(Dataset excerpts)

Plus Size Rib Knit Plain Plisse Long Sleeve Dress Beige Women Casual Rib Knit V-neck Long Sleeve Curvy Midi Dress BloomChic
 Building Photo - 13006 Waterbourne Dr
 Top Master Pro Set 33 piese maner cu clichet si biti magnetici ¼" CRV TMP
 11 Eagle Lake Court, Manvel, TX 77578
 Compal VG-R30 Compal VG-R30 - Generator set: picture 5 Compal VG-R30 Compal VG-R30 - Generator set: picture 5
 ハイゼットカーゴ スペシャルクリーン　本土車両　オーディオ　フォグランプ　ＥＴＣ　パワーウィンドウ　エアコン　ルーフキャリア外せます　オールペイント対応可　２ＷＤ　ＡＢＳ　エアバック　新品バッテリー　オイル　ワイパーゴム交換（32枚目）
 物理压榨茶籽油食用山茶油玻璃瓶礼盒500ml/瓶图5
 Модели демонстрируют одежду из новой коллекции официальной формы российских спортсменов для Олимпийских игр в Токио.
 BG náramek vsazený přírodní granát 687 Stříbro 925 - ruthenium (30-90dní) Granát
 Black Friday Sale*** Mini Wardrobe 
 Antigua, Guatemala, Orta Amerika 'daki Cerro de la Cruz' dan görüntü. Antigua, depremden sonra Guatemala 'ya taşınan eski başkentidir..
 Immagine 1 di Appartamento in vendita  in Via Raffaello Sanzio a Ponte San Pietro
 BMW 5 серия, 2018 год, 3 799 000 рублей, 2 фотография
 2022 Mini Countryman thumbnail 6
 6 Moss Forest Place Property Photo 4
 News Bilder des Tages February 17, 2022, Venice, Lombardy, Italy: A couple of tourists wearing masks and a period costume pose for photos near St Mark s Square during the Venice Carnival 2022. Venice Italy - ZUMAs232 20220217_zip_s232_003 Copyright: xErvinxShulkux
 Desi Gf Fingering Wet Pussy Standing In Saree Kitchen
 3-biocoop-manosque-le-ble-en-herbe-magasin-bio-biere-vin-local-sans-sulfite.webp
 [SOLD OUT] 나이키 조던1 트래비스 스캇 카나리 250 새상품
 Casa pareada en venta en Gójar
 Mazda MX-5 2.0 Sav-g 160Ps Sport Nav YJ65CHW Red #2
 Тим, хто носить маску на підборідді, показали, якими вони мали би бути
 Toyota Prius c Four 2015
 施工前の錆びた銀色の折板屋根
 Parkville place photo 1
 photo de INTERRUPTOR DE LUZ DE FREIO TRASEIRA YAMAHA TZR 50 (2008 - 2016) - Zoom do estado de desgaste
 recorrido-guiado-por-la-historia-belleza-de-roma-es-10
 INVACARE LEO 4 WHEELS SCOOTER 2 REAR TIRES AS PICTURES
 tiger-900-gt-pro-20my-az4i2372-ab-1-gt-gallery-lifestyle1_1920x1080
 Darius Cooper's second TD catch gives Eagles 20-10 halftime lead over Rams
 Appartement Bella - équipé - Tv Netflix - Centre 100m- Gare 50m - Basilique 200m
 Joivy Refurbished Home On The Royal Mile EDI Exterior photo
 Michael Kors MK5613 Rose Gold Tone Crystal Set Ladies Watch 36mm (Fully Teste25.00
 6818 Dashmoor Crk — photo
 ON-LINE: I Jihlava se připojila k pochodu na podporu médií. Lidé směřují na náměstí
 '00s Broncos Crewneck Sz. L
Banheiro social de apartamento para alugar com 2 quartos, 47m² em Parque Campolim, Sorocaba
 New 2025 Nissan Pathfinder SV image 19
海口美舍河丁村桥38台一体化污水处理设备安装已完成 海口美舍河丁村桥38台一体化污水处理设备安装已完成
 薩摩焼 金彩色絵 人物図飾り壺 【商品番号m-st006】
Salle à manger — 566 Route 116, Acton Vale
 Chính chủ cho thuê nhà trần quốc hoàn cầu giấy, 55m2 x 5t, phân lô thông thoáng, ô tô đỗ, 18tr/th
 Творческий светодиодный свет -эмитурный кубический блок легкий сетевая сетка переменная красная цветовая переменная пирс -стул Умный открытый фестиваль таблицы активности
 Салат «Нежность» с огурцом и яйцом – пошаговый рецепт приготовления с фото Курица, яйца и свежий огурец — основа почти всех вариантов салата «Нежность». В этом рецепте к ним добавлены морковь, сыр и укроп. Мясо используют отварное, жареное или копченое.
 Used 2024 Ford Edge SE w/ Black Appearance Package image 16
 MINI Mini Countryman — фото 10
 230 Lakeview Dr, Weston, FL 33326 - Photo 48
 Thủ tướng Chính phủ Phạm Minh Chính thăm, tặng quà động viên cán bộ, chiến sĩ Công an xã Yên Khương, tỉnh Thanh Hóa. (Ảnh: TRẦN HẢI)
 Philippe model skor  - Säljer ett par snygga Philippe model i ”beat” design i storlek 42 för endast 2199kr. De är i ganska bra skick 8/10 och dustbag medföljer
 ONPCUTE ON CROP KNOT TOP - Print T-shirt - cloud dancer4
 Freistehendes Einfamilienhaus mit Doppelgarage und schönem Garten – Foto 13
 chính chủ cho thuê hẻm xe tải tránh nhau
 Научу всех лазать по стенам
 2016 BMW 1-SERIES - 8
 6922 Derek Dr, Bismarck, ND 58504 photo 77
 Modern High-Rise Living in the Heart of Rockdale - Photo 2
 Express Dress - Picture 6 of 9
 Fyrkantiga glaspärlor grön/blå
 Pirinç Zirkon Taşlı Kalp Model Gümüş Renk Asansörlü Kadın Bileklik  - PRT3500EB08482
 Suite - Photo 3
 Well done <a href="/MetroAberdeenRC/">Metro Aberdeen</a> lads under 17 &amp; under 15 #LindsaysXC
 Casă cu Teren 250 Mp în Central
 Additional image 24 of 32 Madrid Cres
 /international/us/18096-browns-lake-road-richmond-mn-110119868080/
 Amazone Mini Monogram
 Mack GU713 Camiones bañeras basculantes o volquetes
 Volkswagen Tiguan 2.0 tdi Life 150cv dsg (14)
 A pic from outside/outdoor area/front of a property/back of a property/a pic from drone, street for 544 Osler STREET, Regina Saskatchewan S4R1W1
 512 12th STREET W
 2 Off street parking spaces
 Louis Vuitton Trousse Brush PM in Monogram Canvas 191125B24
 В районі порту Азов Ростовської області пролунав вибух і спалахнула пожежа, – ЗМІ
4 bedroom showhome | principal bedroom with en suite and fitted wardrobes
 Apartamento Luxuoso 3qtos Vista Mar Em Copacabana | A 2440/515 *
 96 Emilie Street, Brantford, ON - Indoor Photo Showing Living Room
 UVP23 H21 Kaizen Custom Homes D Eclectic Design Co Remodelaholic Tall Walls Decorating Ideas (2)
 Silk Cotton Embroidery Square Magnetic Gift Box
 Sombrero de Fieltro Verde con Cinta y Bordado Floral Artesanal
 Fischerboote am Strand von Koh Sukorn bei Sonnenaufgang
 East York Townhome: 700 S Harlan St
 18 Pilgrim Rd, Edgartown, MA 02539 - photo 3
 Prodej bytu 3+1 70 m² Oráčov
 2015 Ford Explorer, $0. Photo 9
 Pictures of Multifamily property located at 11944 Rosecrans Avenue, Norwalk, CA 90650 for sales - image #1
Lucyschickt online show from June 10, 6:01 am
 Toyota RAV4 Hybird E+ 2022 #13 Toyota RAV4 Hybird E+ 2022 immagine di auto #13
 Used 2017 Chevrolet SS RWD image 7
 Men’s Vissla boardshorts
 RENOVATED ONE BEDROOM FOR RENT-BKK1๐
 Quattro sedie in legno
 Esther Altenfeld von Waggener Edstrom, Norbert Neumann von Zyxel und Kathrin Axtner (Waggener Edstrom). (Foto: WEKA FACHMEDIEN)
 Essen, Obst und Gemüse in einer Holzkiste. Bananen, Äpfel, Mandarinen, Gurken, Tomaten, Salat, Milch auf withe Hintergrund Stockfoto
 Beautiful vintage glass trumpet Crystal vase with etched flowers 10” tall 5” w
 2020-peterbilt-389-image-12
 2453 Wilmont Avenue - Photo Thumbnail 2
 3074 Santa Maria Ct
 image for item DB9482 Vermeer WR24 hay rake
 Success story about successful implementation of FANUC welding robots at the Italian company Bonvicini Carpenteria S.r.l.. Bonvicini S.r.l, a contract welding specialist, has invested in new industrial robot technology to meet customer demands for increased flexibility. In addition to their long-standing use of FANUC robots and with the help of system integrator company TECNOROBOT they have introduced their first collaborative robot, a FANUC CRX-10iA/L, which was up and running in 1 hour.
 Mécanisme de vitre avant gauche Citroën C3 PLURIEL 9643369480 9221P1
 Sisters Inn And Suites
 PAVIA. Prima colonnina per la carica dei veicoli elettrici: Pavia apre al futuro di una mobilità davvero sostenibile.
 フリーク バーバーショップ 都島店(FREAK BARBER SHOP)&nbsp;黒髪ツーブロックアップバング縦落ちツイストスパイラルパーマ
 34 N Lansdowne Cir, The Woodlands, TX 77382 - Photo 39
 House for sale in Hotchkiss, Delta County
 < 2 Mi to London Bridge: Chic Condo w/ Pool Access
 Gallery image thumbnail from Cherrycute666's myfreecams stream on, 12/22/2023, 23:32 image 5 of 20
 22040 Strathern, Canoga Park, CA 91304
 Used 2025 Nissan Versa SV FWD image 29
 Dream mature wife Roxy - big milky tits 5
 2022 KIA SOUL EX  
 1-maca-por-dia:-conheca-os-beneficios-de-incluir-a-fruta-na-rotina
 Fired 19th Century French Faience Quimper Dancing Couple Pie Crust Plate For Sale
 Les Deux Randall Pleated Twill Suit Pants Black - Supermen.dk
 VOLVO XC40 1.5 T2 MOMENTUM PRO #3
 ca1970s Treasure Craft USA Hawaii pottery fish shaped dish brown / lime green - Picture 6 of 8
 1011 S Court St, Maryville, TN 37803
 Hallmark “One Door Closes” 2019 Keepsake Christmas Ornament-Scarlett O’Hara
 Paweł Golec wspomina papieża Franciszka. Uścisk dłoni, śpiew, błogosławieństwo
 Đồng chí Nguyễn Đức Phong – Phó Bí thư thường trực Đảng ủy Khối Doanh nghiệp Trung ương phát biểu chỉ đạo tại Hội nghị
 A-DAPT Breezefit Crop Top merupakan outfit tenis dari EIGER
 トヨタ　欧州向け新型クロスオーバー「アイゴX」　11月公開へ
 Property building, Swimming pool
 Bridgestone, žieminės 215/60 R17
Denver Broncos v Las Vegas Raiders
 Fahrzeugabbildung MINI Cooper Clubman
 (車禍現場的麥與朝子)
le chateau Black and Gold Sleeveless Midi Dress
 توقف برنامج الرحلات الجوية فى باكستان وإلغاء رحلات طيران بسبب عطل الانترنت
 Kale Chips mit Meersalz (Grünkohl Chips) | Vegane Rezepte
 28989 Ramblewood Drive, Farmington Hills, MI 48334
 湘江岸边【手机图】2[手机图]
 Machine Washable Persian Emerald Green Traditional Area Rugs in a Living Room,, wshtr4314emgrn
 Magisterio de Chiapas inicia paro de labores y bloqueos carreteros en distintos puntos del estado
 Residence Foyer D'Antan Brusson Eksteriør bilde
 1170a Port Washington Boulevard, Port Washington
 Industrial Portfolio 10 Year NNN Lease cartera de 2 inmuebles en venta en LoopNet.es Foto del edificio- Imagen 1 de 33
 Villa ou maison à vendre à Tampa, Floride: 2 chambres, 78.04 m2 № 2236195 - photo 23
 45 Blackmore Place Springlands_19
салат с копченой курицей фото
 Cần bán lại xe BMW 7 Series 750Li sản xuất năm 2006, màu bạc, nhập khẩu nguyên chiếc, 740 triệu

EXERCISE DIRECTIONS ▸ Return only the lines between the one holding "Fahrzeugabbildung MINI Cooper Clubman" and the one holding "28989 Ramblewood Drive, Farmington", inclusive, exactly as they appear above.

TASK SOLUTION ▸
 Fahrzeugabbildung MINI Cooper Clubman
 (車禍現場的麥與朝子)
le chateau Black and Gold Sleeveless Midi Dress
 توقف برنامج الرحلات الجوية فى باكستان وإلغاء رحلات طيران بسبب عطل الانترنت
 Kale Chips mit Meersalz (Grünkohl Chips) | Vegane Rezepte
 28989 Ramblewood Drive, Farmington Hills, MI 48334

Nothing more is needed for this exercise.